Hablaron un rato, no muy largo, porque los dos se conocían desde hacía muchos años y tenían claras muchas cosas. Una vez que se pusieron de acuerdo, Tonio bajó de nuevo a la ciudad, ahora solo, para hacer un encargo. La señora, por su parte, se presentó en la cocina y tuvo otra discreta conversación con la cocinera.
Dos días después, el día que tenía que ir a recoger el resultado de su C5, don Pantaleone, que había pasado muy mala noche, como si algo se le hubiera roto por dentro, se levantó de la cama, pero sólo para ir al lavabo, con una descomposición de caballo. La vieja cocinera, muy solícita, le preparó una manzanilla y un poco de caldo…
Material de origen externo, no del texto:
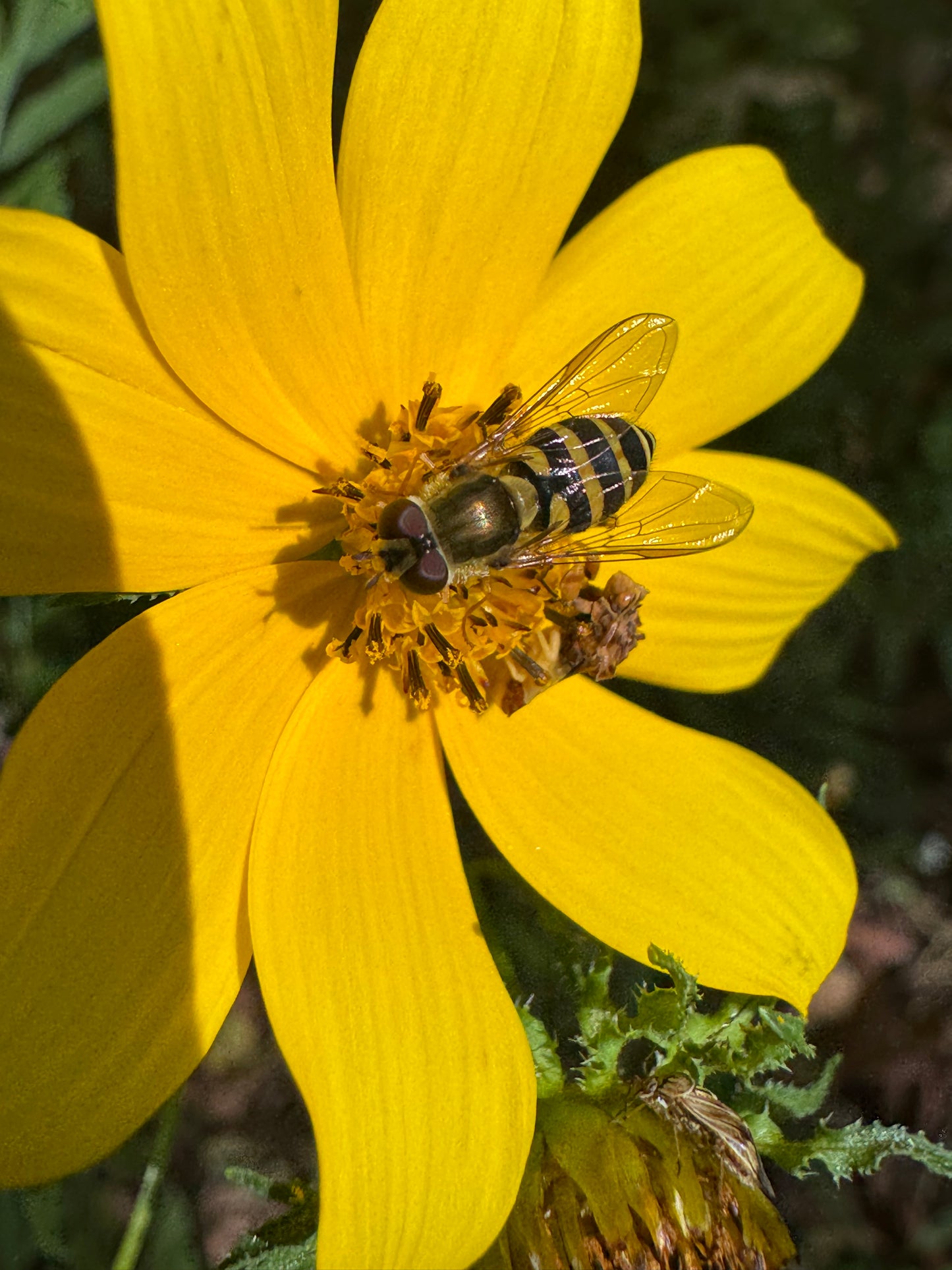 Swamp Marigold (Bidens aristosa) - Annual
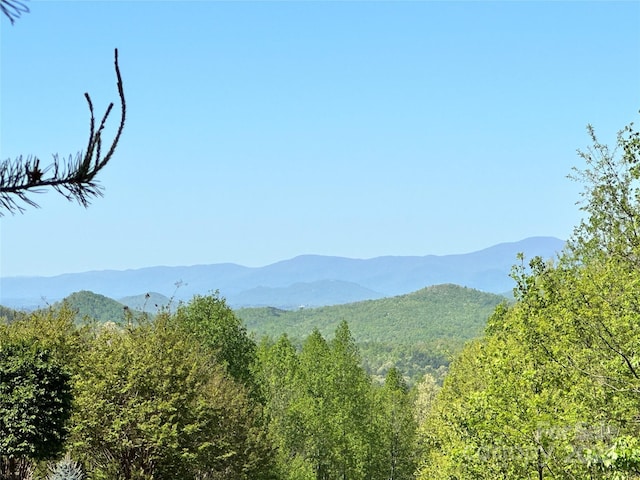 61 Scenic Vista Dr Unit 238, Nebo, NC 28761 - photo 10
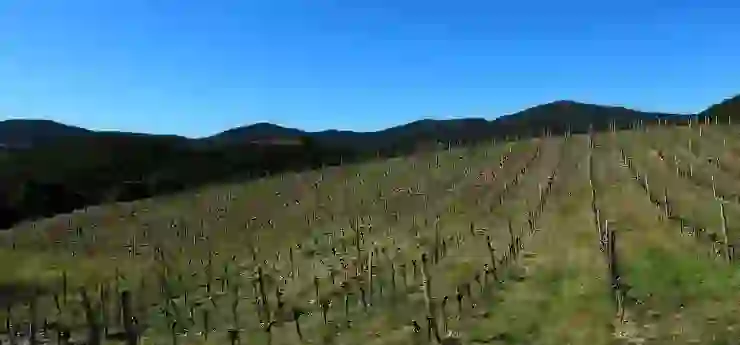 소자본으로 악세사리 쇼핑몰 창업하기| 성공적인 창업을 위한 5가지 팁 | 쇼핑몰 운영, 창업 전략, 액세서리 비즈니스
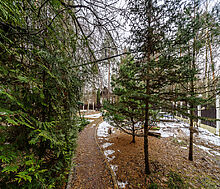 Сказочный дом в лесу Загорянский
Tonio, con gran dolor de corazón, tuvo que ir solo a la ciudad a recoger el Certificado de don Pantaleone. Y, de paso, a recoger el otro encargo que había hecho de parte de la señora.
Cuando volvió, fue directamente a la salita donde ella solía coser y mirar la tele.
—Señora Antonella… —se presentó muy respetuosamente.
—Pasa, pasa, Tonio… —le contestó la señora mientras hacía un gesto a Noelia, la rubia de diecisiete años que le hacía compañía, para que saliera un momento.
Tonio entró y, sin decir una palabra, le entregó un certificado a la señora.
—¿Sólo uno, Tonio? —preguntó, sin necesidad, la señora.
—El que usted encargó, señora. Sólo ése.
La señora lo examinó por detrás y por delante mientras Tonio se interesaba:
—¿Se encuentra mejor el señor don Pantaleone?
—Sí, no había motivo de preocupación, ha sido sólo un poco de descomposición.
—Me alegro, señora.
—Gracias… ¿Y entonces, Tonio? ¿Cómo ha ido…? Quiero decir, ¿qué ha pasado con el certificado que encargó el señor? ¿Qué te han dicho?
—Me temo, señora… No me gusta ser portador de noticias dolorosas, pero…
—¿Quieres decir que el C5 del señor ha dado negativo?
—Sí, señora. Y desgraciadamente, tampoco le pueden hacer un C1, me han dicho. Ni siquiera un C1. Si el señor lo supiera, le sentaría fatal.
—Pero no hay necesidad de hacerle sufrir, ¿no es cierto? —Se interesó la señora, muy satisfecha y segura de la respuesta de su fiel servidor.
—No, señora, por supuesto que no —respondió respetuosamente Tonio.
—Entonces, hicimos muy bien en pedir por nuestra cuenta un certificado alternativo, ¿no?
—Sí, señora, creo que sí. Y de toda confianza, como usted misma puede comprobar. Nadie notará la diferencia…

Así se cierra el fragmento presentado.